Dettagli Recensione
quando il destino si accanisce
Attirata dal titolo, dalla fama dell'autore e dalle positive recensioni, mi sono immersa nella lettura di questo romanzo piena di aspettative. Troppe o forse troppo elevate, il risultato è che il testo mi ha un po' delusa e non sono riuscita a scorgervi la profondità e la bellezza riscontrate da molti lettori.
Mirta è una giovane moldava giunta a Roma a lavorare per dare a se stessa e ai suoi cari rimasti in patria l'opportunità di una vita migliore. La morte improvvisa di sua madre la costringe a collocare suo figlio dodicenne, Ilie, in un orfanotrofio nel quale trovano ospitalità sia i bambini senza genitori, sia i casi come Ilie, definiti 'orfani bianchi'. Nella speranza di poter guadagnare abbastanza per consentire al figlio di raggiungerla in Italia, Mirta, con qualche sotterfugio riesce ad aggiudicarsi un impiego come badante presso la ricca famiglia di un'anziana colpita da ictus, ormai ridotta a “corpo in decomposizione” e stanca di vivere. Superate le prime difficoltà relazionali con l'inferma, la fortuna sembra arridere a Mirta: oltre ad un lavoro ben pagato, riceve infatti anche una seria proposta di convivenza da parte di un caro amico e si prospetta per lei e per il figlio l'opportunità di avere finalmente una casa e una famiglia. Ma quando tutto pare volgere al lieto fine, irrompe nella storia un duplice tragico evento che chiude improvvisamente e in modo drammatico l'intera vicenda.
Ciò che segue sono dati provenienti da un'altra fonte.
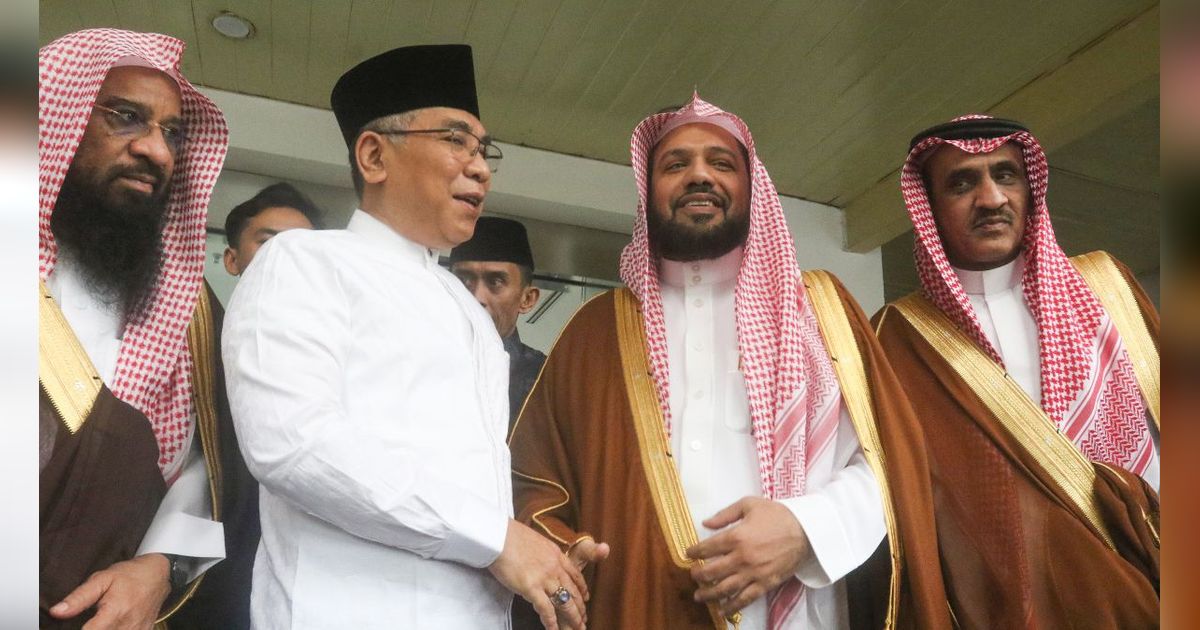 FOTO: Momen Imam Besar Masjid Nabawi Silaturahmi ke Markas PBNU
L'intreccio è coinvolgente e le tematiche affrontate in questo romanzo sono attuali e complesse, inoltre non si può dire che a Manzini manchi la capacità di tenere il lettore incollato alle pagine dalla prima all'ultima riga; eppure, a mio avviso, qualcosa non va, ci sono diversi elementi che non mi hanno convinta.
Innanzitutto la caratterizzazione dei personaggi: fatta eccezione per Mirta, tutto sommato ben delineata, le altre figure risultano stereotipate, spesso costruite su discutibili luoghi comuni e poco approfondite dal punto di vista psicologico tanto da risultare scarsamente credibili. Cito, a titolo di esempio, l'anziana signora Eleonora, la donna di cui Mirta si occupa. Descritta come molto malata, incapace di muoversi e perfino di parlare (viene definita “mummia”) fa alla badante una serie di dispetti espletando ripetutamente le proprie funzioni fisiologiche, gettando a terra stoviglie, mordendole la mano con la dentiera. A questi fatti, discutibili, ma ancora plausibili, se ne aggiungono altri che rendono il personaggio incoerente: misteriosamente, di notte, Eleonora si muove e parla esprimendo non solo le proprie volontà, ma dando anche prova di acute riflessioni su ciò la circonda. La signora Eleonora, che avrebbe potuto svolgere un ruolo chiave nella vicenda, ne esce invece come una “macchietta” artefice di gag tragicomiche le quali, pur strappando un sorriso, fanno a mio avviso scadere il romanzo, soprattutto alla luce del tragico finale.
La conclusione del libro è poi un altro elemento che mi ha lasciata perplessa: presentati i personaggi, costruito l'intreccio e intavolate scottanti tematiche (l'inconsolabile disagio dei bambini lasciati dalle madri migranti nelle terre d'origine, la difficile convivenza tra culture ed etnie diverse, la drammatica solitudine degli anziani, il desiderio di poter porre fine alla propria vita quando non è più considerata dignitosa) Manzini tronca il tutto bruscamente con un colpo di scena in netto contrasto con l'atmosfera che stava delineando nel testo.
Pertanto pur avendo apprezzato di “Orfani bianchi” l'idea e le tematiche, sono rimasta delusa dal modo superficiale con cui l'autore le ha affrontate; avrei inoltre preferito maggiore coerenza stilistica e una conclusione meno precipitosa. Proverò a dare a Manzini un'altra possibilità leggendo uno dei suoi gialli, magari partendo con aspettative diverse.